Interview
„Wir handeln nicht immer rational“
Herr Karver, was steckt hinter BI – kurz für „behavioural insights“, auf Deutsch „verhaltenswissenschaftliche Erkenntnisse“?
Bei der Weltbank definieren wir BI als einen Ansatz, der untersucht, wie Individuen denken, handeln und interagieren. BI nimmt in den Blick, welche Rolle Vorstellungen und Einstellungen dabei spielen, ob Menschen aktiv werden. Denn wir handeln nicht immer rational – selbst wenn die nötigen Mittel oder Voraussetzungen da sind. Also, wie und warum entscheide ich zum Beispiel, für welche Lebensmittel ich im Laden mein Geld ausgebe, oder ob ich in der Steuererklärung alles korrekt angebe?
Eine eher ganzheitliche Herangehensweise also?

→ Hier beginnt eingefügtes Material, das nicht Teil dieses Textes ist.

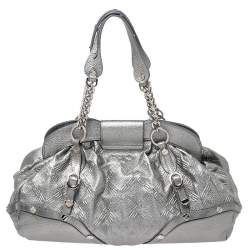 Versace Metallic Silver Leather Chain Link Satchel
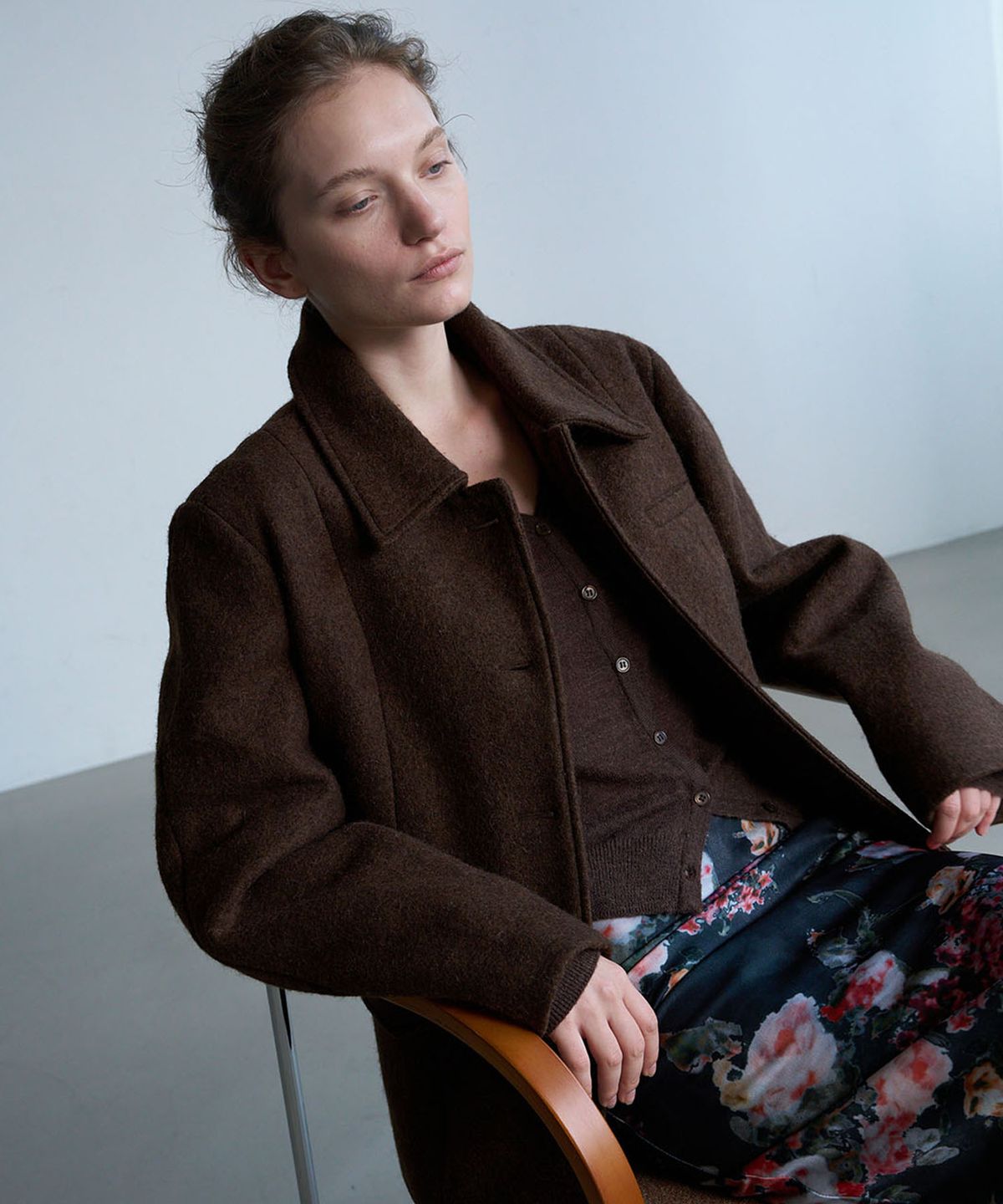 린테(LYNTE) Line Wool Half Coat (Espresso Brown)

Genau, ein holistisches Modell, um zu verstehen, wie Individuen in ganz spezifischen Kontexten entscheiden und handeln. Das kann von Geschlecht, Alter und Kultur abhängen. Und von gesellschaftlichen und weltanschaulichen Vorstellungen sowie von „automatischen“ Reaktionen. Wir neigen zum Beispiel dazu, (vermeidbaren) Verlusten mehr Wert beizumessen als entsprechenden Gewinnen. Auf dieser Basis werden bei BI Lösungswege entworfen, die all das berücksichtigen.
Warum sind verhaltenswissenschaftliche Ansätze für die Entwicklungszusammenarbeit so interessant?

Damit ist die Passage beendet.